> _Stored items_
• • •

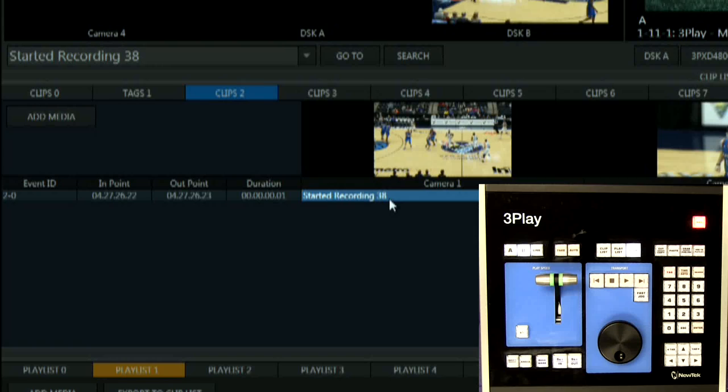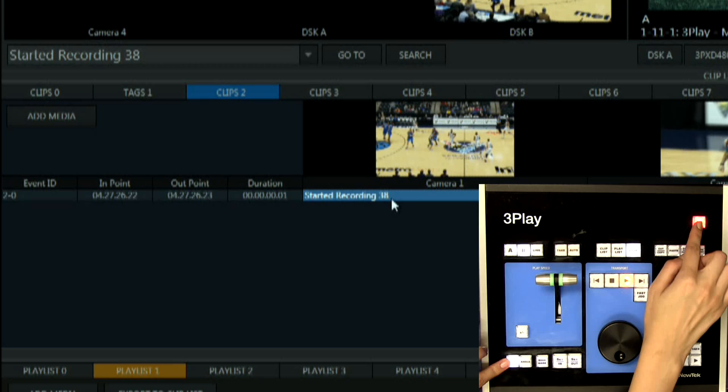An event will immediately appear in the clip list. When you want to stop recording, hit shift and record on the control surface.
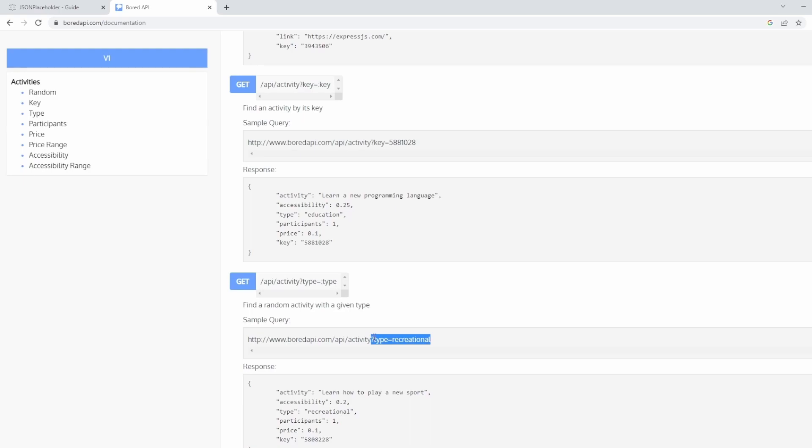So there's two different ways you can add a query parameter as well. We can either pass them by easily appending it to the URL or we can use the query params option on Postman and I'll show you both of these.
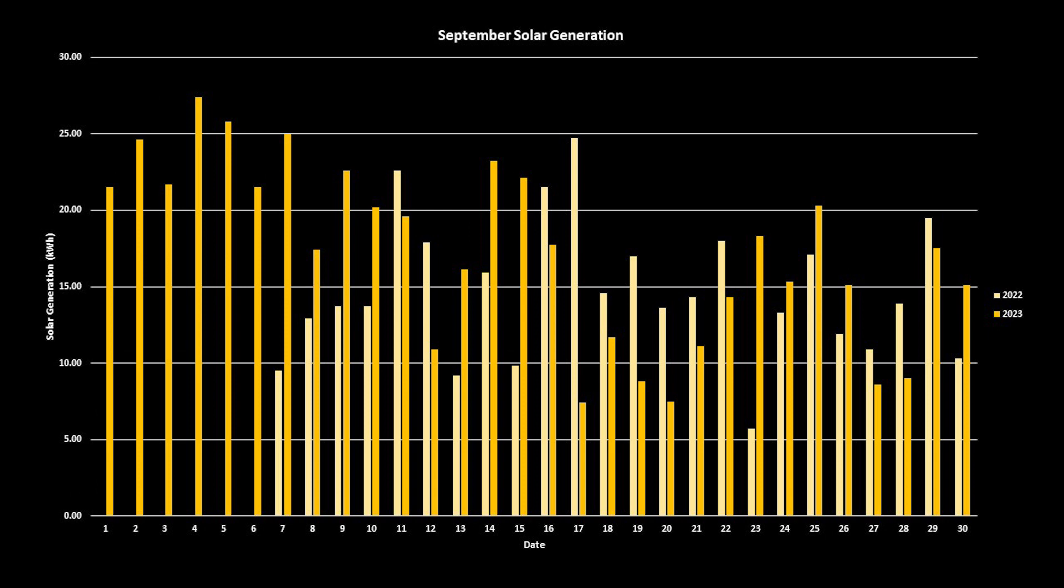We have had the system installed for a year now, and that means that we can now compare against the previous year. Now, we didn't get the install switched on until the 7th of September 2022, so there's a gap for the first week of last year. But in the main, even discounting the first seven days,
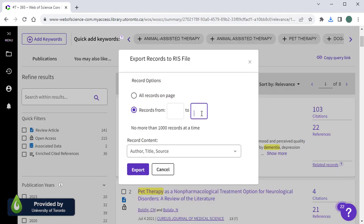If your search has more than a thousand results, we recommend exporting the records in batches by setting the record range from one to one thousand, one thousand and one to two thousand, two thousand and one to three thousand, and so on, repeating until all have been downloaded.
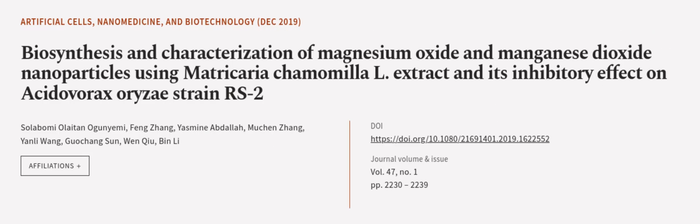This article was authored by Solobomia latinogonemi, Feng Zhong, Yasmin Abdullah, and others. We are article.tv, links in the description below.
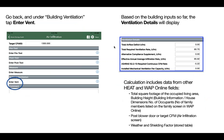When you first tap enter vent, the results of the calculation display. These results already include previously entered fields, including the total square footage of the occupied living area, the building height, the number of occupants, the post blower door test for instances where this is a post inspection or the target CFM, and a weather and shielding factor stored in the database table.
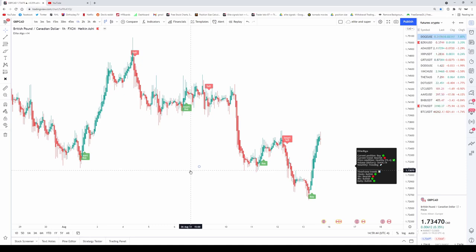Welcome, Elite members! Today's video covers the update we just released for Elite Algo on August 15th, along with strategies you can use with the new update to increase your profitability and win rate in the market. It's very easy to see, so let's get into it.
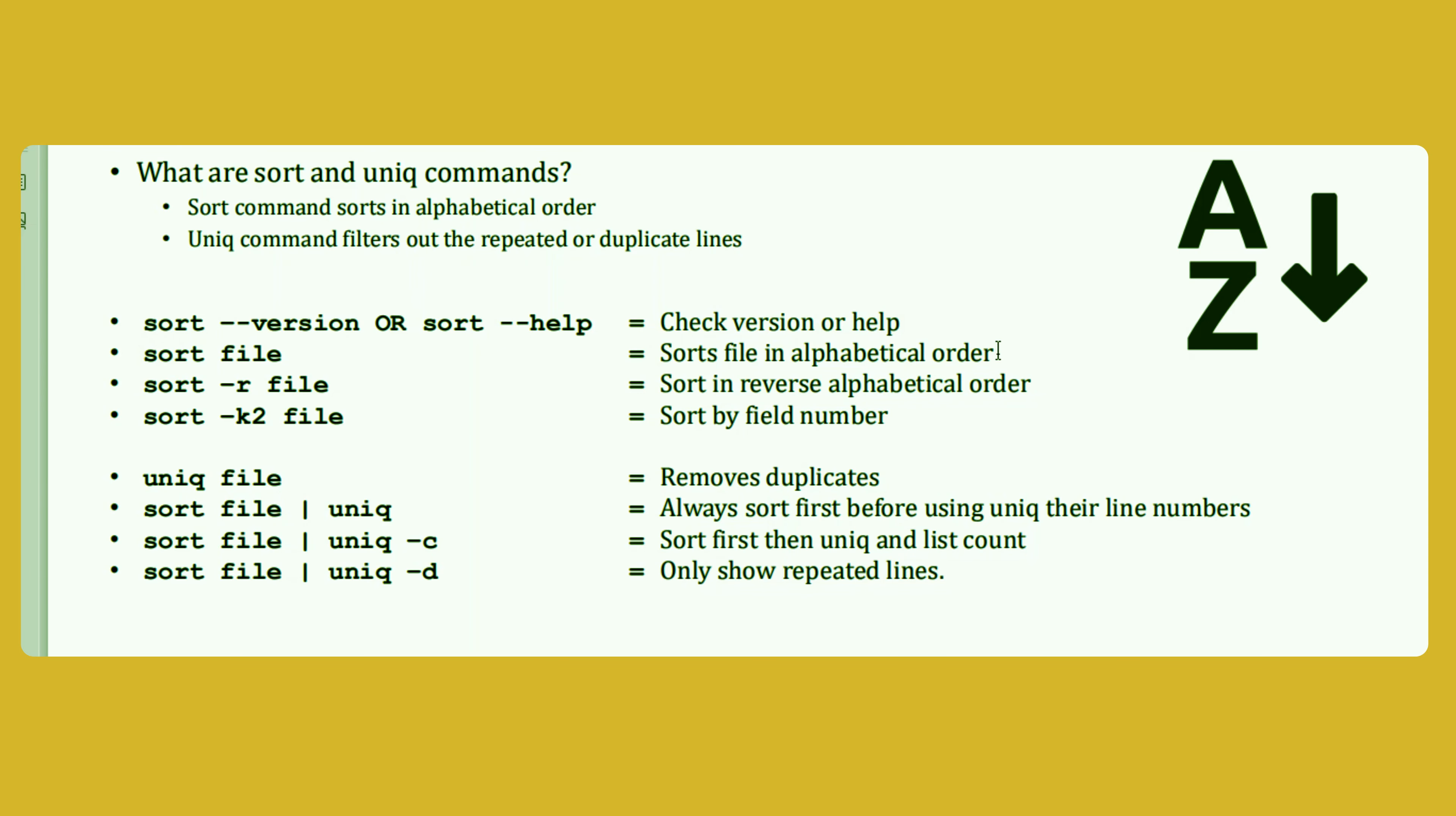If you want to sort in alphabetical order, you have to just give sort hyphen file name. But if you want to sort based on the reverse alphabetical order, then you have to give sort hyphen r.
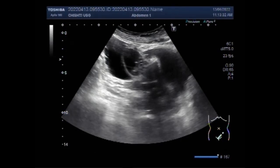Dear viewers, I hope you are all fine. This ultrasound video shows a large ovarian cyst having a daughter cyst and a large ovarian mass.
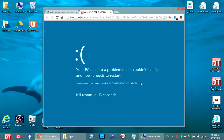This whole thing is useless though if I keep getting a blue screen whenever I do some kind of system resume. So I ended up turning fast startup off.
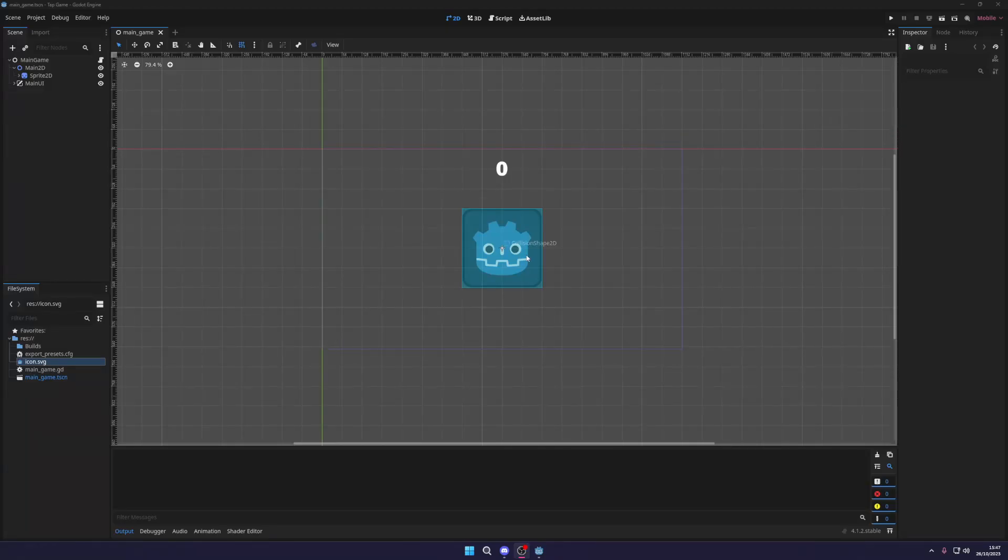What is going on fellow game developers? My name is MuddyWolf and today I'm going to show you how you can export your Godot game in the browser.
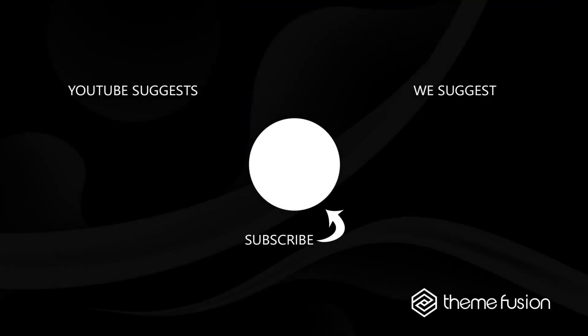OK, this concludes our video on how to use conditional logic in Avada forms. Make sure you subscribe to our YouTube channel to keep up with all the latest videos. And if you have any questions or need assistance, please create a support ticket and our team will gladly assist you. As always, we want to thank you for choosing Avada.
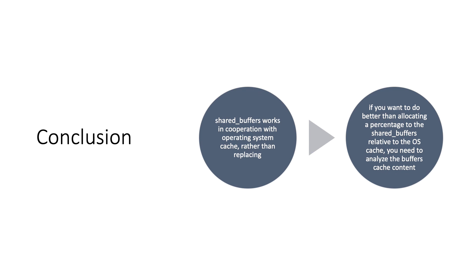This wasn't intended just as academic knowledge. Believe it or not, all this information is useful for determining how large your shared buffer cache should be.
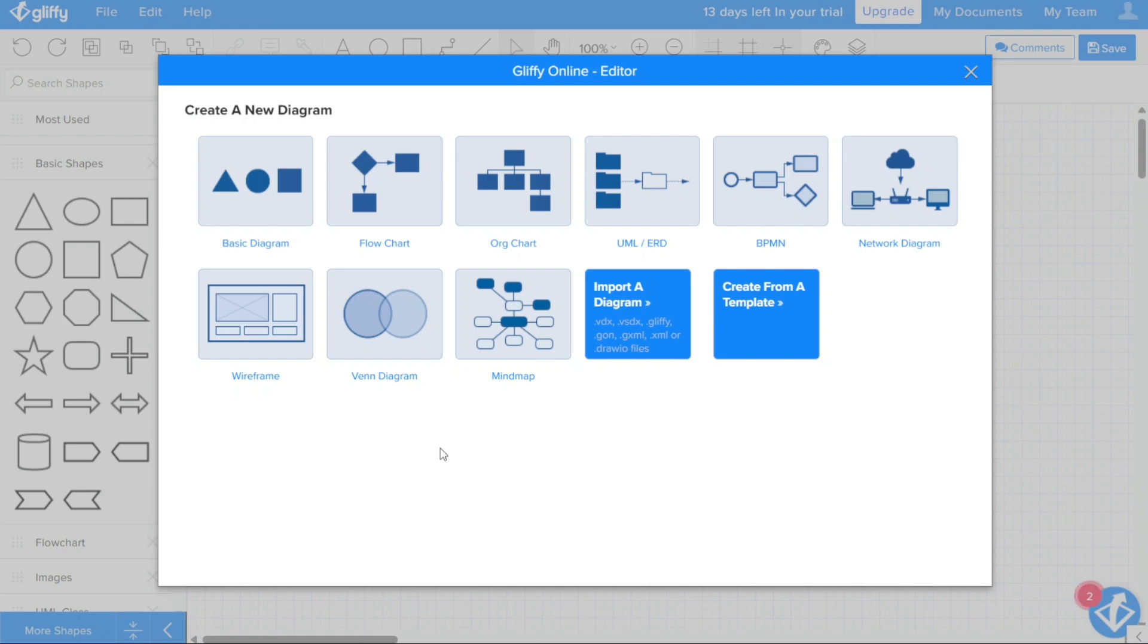When you log into Gliffy or create a new diagram, you will be presented with an introductory window. This window provides a range of options to help you get started with your diagram, including preloaded shapes and templates.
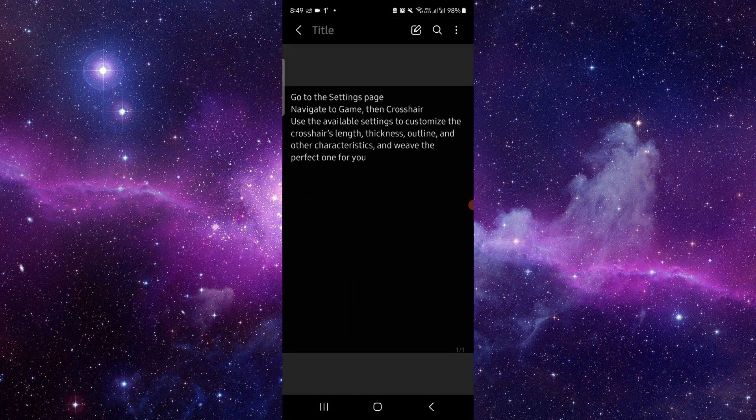First, you have to navigate into the button, then go to there, and then you can just get there.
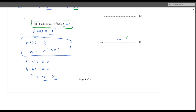I recommend you try a few more questions from your textbook so that you are confident with the functions topic. Thank you.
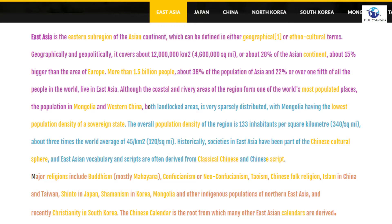East Asia consists of more than six countries, but today I'm going to be explaining only six: Japan, China, Taiwan, North Korea, and South Korea.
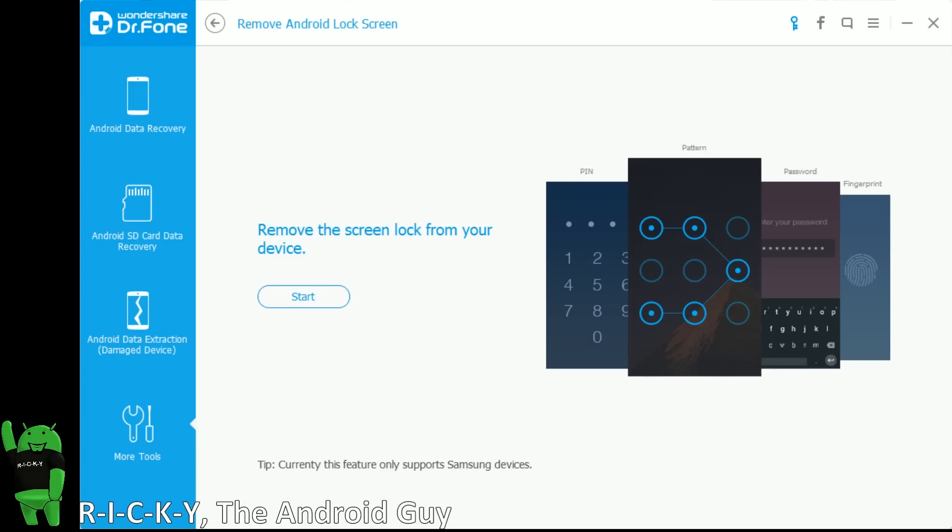So this is a one-stop easy solution to remove a lock screen from your Samsung Galaxy device. This currently only supports Samsung Galaxy devices, although they hope to add more Android devices later on down the line.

• • •

Send back the entries above exactly. Skip the images.

> _The completed task_
An event will immediately appear in the clip list. When you want to stop recording, hit shift and record on the control surface.
So there's two different ways you can add a query parameter as well. We can either pass them by easily appending it to the URL or we can use the query params option on Postman and I'll show you both of these.
We have had the system installed for a year now, and that means that we can now compare against the previous year. Now, we didn't get the install switched on until the 7th of September 2022, so there's a gap for the first week of last year. But in the main, even discounting the first seven days,
If your search has more than a thousand results, we recommend exporting the records in batches by setting the record range from one to one thousand, one thousand and one to two thousand, two thousand and one to three thousand, and so on, repeating until all have been downloaded.
This article was authored by Solobomia latinogonemi, Feng Zhong, Yasmin Abdullah, and others. We are article.tv, links in the description below.
When you first tap enter vent, the results of the calculation display. These results already include previously entered fields, including the total square footage of the occupied living area, the building height, the number of occupants, the post blower door test for instances where this is a post inspection or the target CFM, and a weather and shielding factor stored in the database table.
Welcome, Elite members! Today's video covers the update we just released for Elite Algo on August 15th, along with strategies you can use with the new update to increase your profitability and win rate in the market. It's very easy to see, so let's get into it.
If you want to sort in alphabetical order, you have to just give sort hyphen file name. But if you want to sort based on the reverse alphabetical order, then you have to give sort hyphen r.
Dear viewers, I hope you are all fine. This ultrasound video shows a large ovarian cyst having a daughter cyst and a large ovarian mass.
This whole thing is useless though if I keep getting a blue screen whenever I do some kind of system resume. So I ended up turning fast startup off.
What is going on fellow game developers? My name is MuddyWolf and today I'm going to show you how you can export your Godot game in the browser.
OK, this concludes our video on how to use conditional logic in Avada forms. Make sure you subscribe to our YouTube channel to keep up with all the latest videos. And if you have any questions or need assistance, please create a support ticket and our team will gladly assist you. As always, we want to thank you for choosing Avada.
This wasn't intended just as academic knowledge. Believe it or not, all this information is useful for determining how large your shared buffer cache should be.
When you log into Gliffy or create a new diagram, you will be presented with an introductory window. This window provides a range of options to help you get started with your diagram, including preloaded shapes and templates.
First, you have to navigate into the button, then go to there, and then you can just get there.
I recommend you try a few more questions from your textbook so that you are confident with the functions topic. Thank you.
East Asia consists of more than six countries, but today I'm going to be explaining only six: Japan, China, Taiwan, North Korea, and South Korea.
So this is a one-stop easy solution to remove a lock screen from your Samsung Galaxy device. This currently only supports Samsung Galaxy devices, although they hope to add more Android devices later on down the line.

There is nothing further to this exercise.